Opóźniły się nieco prace nad drugim albumem amerykańskiego zespołu Linkin Park. Całość materiału jest już nagrana, pojawiły się jednak problemy podczas jego miksowania. Zamieszanie spowodowane jest chorobą Chestera Benningtona, jednego z wokalistów grupy. Mimo opóźnień, premiera albumu nadal planowana jest na marzec 2003 r.
Wszystkie utwory, jakie pojawią się na następcy multiplatynowego albumu "Hybrid Theory", są już nagrane. Obecnie zespół powinien kończyć miksowanie całości materiału, ale praca nieco się przeciągnęła, bowiem zachorował jeden z wokalistów zespołu, Chester Bennington.
"Przez tydzień miksowaliśmy album w Nowym Jorku i zajmie nam to jeszcze drugie tyle czasu" - pisze na internetowych stronach zespołu wokalista Mike Shinoda. "Musieliśmy przerwać pracę po pierwszym tygodniu, co jest rzeczą niespotykaną".
Muzyk tłumaczy natychmiast co się wydarzyło: "Chodzi o to, że Chester [Bennington - przyp. red], pochorował się w trakcie pracy w Los Angeles i musieliśmy przewieźć go do Nowego Jorku, tym samym znaleźliśmy się w studiu, w którym jeszcze nigdy nie byliśmy".
"Było z tym trochę zamieszania, ale na szczęście wszystko się udało.

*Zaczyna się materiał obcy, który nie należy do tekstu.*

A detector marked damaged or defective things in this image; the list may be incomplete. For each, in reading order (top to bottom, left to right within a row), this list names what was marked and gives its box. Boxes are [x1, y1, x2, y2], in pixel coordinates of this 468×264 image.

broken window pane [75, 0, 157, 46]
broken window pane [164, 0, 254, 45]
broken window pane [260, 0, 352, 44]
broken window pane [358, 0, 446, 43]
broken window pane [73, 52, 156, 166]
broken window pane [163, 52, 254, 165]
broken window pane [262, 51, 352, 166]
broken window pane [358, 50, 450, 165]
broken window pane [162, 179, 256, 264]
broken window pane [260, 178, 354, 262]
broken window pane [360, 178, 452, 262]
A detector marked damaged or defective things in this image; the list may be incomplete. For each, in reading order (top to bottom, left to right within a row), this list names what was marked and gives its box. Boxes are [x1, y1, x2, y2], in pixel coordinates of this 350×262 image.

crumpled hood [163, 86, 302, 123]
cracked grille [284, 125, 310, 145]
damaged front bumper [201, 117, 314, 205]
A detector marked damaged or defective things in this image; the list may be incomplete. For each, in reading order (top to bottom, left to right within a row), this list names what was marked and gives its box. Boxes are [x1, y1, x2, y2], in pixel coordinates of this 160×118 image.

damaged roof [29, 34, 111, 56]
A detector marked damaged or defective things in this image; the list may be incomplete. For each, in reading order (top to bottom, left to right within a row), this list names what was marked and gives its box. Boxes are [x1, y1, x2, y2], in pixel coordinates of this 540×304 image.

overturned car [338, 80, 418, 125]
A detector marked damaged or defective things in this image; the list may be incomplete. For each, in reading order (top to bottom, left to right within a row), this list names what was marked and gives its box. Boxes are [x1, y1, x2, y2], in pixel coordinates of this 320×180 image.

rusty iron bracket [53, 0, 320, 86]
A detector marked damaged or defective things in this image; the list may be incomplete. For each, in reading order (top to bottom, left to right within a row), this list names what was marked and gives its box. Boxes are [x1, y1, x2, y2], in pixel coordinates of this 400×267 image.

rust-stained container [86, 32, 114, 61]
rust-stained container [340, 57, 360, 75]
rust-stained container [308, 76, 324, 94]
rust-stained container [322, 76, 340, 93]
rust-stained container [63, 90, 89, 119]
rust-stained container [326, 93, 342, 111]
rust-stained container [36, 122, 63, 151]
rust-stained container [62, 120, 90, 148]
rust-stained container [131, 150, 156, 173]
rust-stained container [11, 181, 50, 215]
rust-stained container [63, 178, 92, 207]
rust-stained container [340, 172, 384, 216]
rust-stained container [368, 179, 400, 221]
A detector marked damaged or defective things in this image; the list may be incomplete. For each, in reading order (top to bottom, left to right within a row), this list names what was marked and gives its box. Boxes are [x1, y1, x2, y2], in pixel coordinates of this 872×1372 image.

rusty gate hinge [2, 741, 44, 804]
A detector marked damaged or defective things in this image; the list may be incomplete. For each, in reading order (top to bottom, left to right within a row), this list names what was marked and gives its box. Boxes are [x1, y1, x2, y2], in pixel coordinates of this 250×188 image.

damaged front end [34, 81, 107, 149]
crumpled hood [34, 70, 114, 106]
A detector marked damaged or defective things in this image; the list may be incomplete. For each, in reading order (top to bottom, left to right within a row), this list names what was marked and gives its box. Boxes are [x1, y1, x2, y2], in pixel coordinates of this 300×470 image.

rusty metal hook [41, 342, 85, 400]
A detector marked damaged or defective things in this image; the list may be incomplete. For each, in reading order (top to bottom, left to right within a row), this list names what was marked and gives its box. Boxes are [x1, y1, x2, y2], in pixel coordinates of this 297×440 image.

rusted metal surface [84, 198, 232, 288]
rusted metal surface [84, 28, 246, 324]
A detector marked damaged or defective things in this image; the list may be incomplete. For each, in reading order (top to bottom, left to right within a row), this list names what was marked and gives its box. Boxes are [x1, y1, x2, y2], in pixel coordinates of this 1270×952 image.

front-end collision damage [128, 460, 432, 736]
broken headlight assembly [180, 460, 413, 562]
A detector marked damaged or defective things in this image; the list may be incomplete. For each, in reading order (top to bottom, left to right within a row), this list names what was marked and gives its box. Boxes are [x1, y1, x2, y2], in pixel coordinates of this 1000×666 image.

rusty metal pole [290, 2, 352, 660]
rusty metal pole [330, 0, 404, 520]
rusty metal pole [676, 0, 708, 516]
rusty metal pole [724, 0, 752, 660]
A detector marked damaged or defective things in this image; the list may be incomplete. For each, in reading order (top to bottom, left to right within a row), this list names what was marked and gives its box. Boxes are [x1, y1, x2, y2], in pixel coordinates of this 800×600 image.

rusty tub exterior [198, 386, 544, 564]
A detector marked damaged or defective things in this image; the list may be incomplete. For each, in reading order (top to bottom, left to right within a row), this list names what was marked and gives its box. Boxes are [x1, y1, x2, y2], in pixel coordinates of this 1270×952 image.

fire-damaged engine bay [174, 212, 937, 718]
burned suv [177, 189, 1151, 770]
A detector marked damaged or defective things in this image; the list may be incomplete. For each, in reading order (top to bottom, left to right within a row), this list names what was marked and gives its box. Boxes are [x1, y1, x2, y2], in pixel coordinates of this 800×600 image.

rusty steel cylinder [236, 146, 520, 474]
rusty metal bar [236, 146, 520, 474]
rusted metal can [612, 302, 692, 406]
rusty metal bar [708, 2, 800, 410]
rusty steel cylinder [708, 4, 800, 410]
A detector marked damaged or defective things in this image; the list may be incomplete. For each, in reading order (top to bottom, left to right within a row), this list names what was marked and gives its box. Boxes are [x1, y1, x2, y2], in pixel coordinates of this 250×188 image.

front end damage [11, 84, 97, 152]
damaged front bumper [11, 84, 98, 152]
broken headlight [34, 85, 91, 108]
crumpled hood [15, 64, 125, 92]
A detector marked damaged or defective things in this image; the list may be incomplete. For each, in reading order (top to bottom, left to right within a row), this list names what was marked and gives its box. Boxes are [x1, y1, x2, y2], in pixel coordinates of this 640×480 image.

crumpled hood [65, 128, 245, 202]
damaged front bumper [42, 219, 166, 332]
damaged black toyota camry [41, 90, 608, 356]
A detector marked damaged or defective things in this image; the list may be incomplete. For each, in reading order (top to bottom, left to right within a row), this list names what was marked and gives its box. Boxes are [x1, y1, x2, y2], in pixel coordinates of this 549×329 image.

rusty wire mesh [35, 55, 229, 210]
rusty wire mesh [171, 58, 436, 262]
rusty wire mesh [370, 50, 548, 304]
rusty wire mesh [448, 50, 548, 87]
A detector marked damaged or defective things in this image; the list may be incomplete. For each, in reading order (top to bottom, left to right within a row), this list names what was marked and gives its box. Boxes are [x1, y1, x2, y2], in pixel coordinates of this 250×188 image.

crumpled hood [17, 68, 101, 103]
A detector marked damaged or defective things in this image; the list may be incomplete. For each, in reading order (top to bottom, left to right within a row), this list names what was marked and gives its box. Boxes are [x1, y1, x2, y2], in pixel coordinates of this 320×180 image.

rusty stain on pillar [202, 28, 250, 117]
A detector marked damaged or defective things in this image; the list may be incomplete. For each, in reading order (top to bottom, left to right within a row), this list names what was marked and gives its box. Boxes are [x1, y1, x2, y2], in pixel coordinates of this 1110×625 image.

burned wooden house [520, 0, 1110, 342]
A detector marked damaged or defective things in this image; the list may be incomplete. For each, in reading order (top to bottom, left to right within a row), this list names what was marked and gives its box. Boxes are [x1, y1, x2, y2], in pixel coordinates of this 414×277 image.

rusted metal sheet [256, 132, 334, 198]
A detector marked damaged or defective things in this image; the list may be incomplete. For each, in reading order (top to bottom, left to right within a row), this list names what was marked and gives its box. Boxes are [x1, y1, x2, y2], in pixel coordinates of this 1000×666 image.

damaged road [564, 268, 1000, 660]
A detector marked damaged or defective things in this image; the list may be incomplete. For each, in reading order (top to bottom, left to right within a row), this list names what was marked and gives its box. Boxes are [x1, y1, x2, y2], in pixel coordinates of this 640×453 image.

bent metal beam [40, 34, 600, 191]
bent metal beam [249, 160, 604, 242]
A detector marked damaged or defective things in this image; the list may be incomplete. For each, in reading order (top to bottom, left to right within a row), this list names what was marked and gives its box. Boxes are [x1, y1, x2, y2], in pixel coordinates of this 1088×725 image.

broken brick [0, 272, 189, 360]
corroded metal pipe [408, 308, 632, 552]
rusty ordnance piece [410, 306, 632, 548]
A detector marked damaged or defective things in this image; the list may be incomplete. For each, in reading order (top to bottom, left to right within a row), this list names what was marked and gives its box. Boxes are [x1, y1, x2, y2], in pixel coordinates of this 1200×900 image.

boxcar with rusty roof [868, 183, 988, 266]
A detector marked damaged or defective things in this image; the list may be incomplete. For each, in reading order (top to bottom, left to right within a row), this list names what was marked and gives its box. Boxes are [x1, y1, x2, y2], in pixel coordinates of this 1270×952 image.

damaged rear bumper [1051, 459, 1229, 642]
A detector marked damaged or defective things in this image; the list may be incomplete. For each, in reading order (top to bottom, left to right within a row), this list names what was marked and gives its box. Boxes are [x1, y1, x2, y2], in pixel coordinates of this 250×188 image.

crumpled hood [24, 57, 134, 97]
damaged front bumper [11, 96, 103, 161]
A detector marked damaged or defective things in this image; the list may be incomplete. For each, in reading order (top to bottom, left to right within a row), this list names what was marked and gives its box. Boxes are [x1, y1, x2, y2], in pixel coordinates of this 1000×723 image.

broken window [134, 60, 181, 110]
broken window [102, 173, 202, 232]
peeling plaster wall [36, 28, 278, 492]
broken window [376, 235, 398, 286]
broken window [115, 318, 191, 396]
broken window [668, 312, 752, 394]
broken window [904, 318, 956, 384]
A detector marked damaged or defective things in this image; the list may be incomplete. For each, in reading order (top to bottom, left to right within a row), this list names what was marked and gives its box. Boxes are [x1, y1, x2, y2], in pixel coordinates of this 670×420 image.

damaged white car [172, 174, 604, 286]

Podczas gdy on chorował, ja napisałem nieco materiału, a kiedy wyzdrowiał, wszystko było już gotowe. Podobało mu się, a kilka dni później powrócił do Los Angeles. W tej chwili kończymy miksowanie pod okiem Andy'ego Wallace'a".
Pomimo opóźnień w pracy, album powinien się pojawić na półkach sklepowych zgodnie z dotychczasowymi zapowiedziami, czyli w marcu 2003 r.